The damage caused by the initial thrust of the slide is not the reason families in the community are continuing to shed tears more than a week later. They are upset because they have been told by Red Cross that they need to leave their homes in order to avoid the lurking threat of another, more powerful disaster.
“They wouldn’t say anything to me or my cousin as to how long the evacuation is going to be,” said Debbie Watts of Salyers Lane, “They told us they couldn’t help us with a hotel or food vouchers until the slide actually happened and it damaged our homes too. They did give assistance vouchers to those families directly in harm’s path, but as for me and the other family on Salyers Lane, they told us there was nothing they could do for us. They said if the slip shifted in any way it could possibly take out our homes, but we would have to wait and see if it did, and if it does, we will be homeless and lose everything we’ve worked so hard for.”
Hardburly’s history has been majorly defined by the mines. The community began as a coal camp, with a few of the houses from coal camp days still standing. For many years, Hardburly was home to one of the most fascinating coal tipples in the country. As it turns out, the recent decline in the coal industry has played a major role in chipping away the community it founded.
A couple of silt ponds above Hardburly that were built for the coal mines are now leaking into the ground and in danger of completely collapsing. Gas drilling has also occurred in the area. The situation is serious enough for the Red Cross to recommend an evacuation of all homes that sit within the direct path of mudslides that could result from the ponds’ collapse. Some citizens, however, have no plans of packing their bags.
“I’m not leaving my home,” said Julie Riley, “I have nowhere to go and no one to help me.”

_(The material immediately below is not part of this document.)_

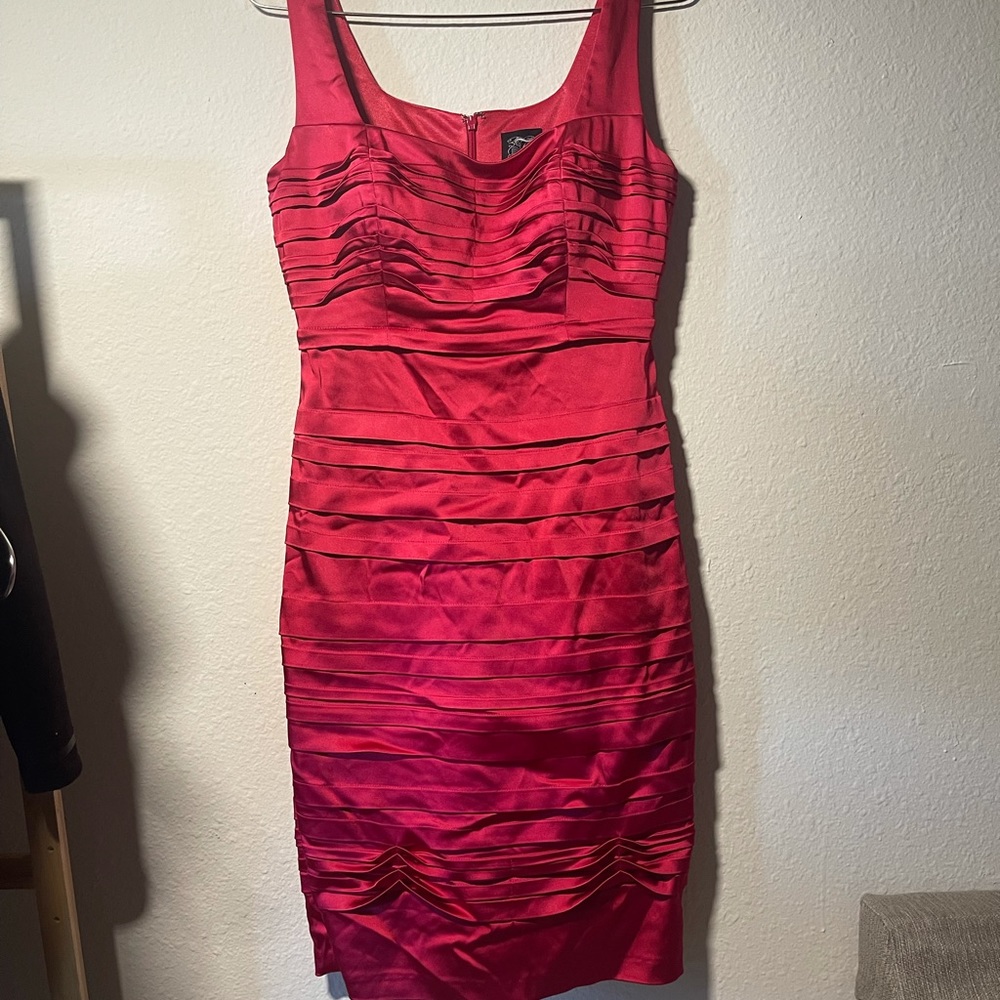 Hot pink silk dress size 8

Lack of help is a complaint voiced by many people near Salyers Lane. According to the citizens, not only do they need assistance with avoiding future mudslides, but they also need help recovering from the one which recently happened.
“It’s a dangerous game of wait and see what happens,” said Mindy Salyers, “They mine and put gas well after gas well here, and no one wants to help after a mistake they make causes good people to lose everything they have.”

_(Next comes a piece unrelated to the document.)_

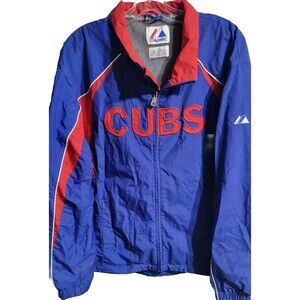 Chicago Cubs Baseball Majestic Jacket Mens L Blue Long Sleeve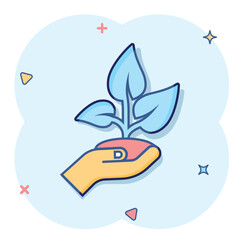 Hand with plant icon in comic style. Flower sprout cartoon vector illustration on white isolated background. Environmental protection splash effect sign business concept.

“I just feel like we don’t matter to be honest,” said Debbie Watts, “I work very hard every day and I’m a single mother of two and I am helpless. I am heartbroken that I had to help my neighbors and a family I’ve known my entire life pack up and move. It’s ridiculous.”

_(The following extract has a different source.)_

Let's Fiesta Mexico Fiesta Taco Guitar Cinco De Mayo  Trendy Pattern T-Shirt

According to the official Perry County Road Addressing Index, Salyers Lane is a county road, meaning that maintenance of the road is the Perry County Fiscal Court’s responsibility. Hardburly Rd., which residents refer to as Main Street, is a state highway. So the affected area sits along roads that fall within both state and county jurisdictions. More than a week after the mudslide struck Salyers Lane, residents remain uncertain as to when, or if, they will be able to once again rest comfortably in their homes.
In an interview with WYMT, Perry County Emergency Management Director Jerry Stacy said, “If it is mine related, we’re hoping that AML (The Division of Abandoned Mine Lands) will step up and do what needs to be done to make sure that that’s a safe situation moving forward.”
The Division of Abandoned Mine Lands pledged to send an inspector to assess the status of the ponds in question. The results of AML’s inspection are unknown at this time. EQT, which is the company responsible for the gas wells, has claimed that personnel found no damage to their wells as result of the slide. The Hazard Herald will follow-up with an update on this story when the Division of Abandoned Mine Lands releases its findings.
“We really won’t know anything until Abandoned Mines and EQT quit fighting over whose fault it was,” said Salyers.
Meanwhile, the people of Salyers Lane are left with homes that continue to stand, yet they are deemed dangerous to live in. Their road is still reeling from the treachery of disaster. They are searching for answers and they want to know that they matter to those who are responsible for helping them. For the families living near Salyers Lane in Hardburly, times are much tougher than they were a few days ago.
“I did leave my home and go to a motel, which was paid for out of my own pocket,” Debbie Watts said, “But now I’m out of money and can no longer afford it, so I don’t know what my kids and I are going to do. We are trying to stay with relatives or whoever can make room for us.”